They're right – but that doesn't mean we should defend them. The problem with the platforms isn't merely that they're bad at defending their users' interests. The problem is that they can't defend those interests. Mark Zuckerberg isn't merely monumentally, personally unsuited to serving as the unelected, unaacountable social media czar for billions of people in hundreds of countries, speaking thousands of languages. No one should have that job.

We don't need a better Mark Zuckerberg. We need no Mark Zuckerbergs. We don't need to perfect Zuck – we need to abolish Zuck.

Rather than pouring our resources into making life in the smoldering wildlife-urban interface safe, we should help people leave that combustible zone, with policies that make migration easy.

This month, we got an example of how just easy that migration could be. Meta launched Threads, a social media platform that used your list of Instagram followers and followees to get you set up. Those low switching costs made it easy for Instagram users to become Threads users – and the network effects meant it happened fast, with 30m signups in the first morning:

https://www.techdirt.com/2023/07/06/meta-launches-threads-and-its-important-for-reasons-that-most-people-wont-care-about/

Meta says it was able to do this because it owns both Insta and Threads. But Meta doesn't own the list of accounts that you trust and value enough to follow, or the people who feel the same way about you. That's yours. We could and should force Meta to let you have it.

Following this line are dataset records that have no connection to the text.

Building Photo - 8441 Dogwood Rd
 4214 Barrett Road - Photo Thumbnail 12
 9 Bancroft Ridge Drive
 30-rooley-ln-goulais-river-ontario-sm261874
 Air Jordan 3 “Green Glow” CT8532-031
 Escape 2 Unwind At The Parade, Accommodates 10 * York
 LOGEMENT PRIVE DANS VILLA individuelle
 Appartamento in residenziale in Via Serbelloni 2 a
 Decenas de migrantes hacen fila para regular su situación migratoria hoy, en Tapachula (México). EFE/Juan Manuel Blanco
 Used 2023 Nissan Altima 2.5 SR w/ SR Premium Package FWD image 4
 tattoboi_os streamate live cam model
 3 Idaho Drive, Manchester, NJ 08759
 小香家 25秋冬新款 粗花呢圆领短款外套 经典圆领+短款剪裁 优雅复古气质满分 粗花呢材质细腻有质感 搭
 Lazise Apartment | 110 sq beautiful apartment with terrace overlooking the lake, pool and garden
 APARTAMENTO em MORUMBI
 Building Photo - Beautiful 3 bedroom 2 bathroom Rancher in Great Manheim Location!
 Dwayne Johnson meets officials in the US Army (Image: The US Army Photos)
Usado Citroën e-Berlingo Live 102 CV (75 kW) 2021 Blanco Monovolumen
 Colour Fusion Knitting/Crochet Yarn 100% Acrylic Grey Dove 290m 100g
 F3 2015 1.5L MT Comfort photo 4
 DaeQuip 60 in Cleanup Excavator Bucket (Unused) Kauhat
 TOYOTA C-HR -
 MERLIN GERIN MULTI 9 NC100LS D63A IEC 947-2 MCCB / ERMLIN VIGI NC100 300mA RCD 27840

But that's not enough. Meta claims that it will someday integrate Threads into the Fediverse, the collection of services based on the ActivityPub standard, whose most popular app is Mastodon. On Mastodon, you not only get to export your list of followers and followees with one click, but you can import those followers and followees to a new server with one click.

Threads looks incredibly stupid, a "Twitter alternative you would order from Brookstone," but there are already tens of millions of people establishing relationships with each other there:

https://jogblog.substack.com/p/facebooks-threads-is-so-depressing

When they get tired of "brand-safe vaporposting," they'll have to either give up those relationships, or resign themselves to being trapped inside another walled-garden-cum-prison operated by a mediocre tech warlord:

https://www.garbageday.email/p/the-algorithmic-anti-culture-of-scale

But what if, instead of trying to force Zuck to be a better emperor-for-life, we passed rules requiring him to let his subjects flee his tyrannical reign? We could require Threads to stand up a Fediverse gateway that let users leave the service and set up on any other Fediverse servers (we could apply this rule to all Fediverse servers, preventing petty dictators from tormenting their users, too):

https://www.eff.org/deeplinks/2023/04/platforms-decay-lets-put-users-first

Zuck founded an empire of oily rags, and so of course it's always on fire. We can't make it safe to stay, but we can make it easy to leave:

https://locusmag.com/2018/07/cory-doctorow-zucks-empire-of-oily-rags/

This is the thing platforms fear the most. Network effects work in both directions: if your service grows quickly because people value one another, then it will shrink quickly when the people your users care about leave. As danah boyd recounts, this is what happened when Myspace imploded:

http://www.zephoria.org/thoughts/archives/2022/12/05/what-if-failure-is-the-plan.html

When I started seeing the disappearance of emotionally sticky nodes, I reached out to members of the MySpace team to share my concerns and they told me that their numbers looked fine. Active uniques were high, the amount of time people spent on the site was continuing to grow, and new accounts were being created at a rate faster than accounts were being closed. I shook my head; I didn’t think that was enough. A few months later, the site started to unravel.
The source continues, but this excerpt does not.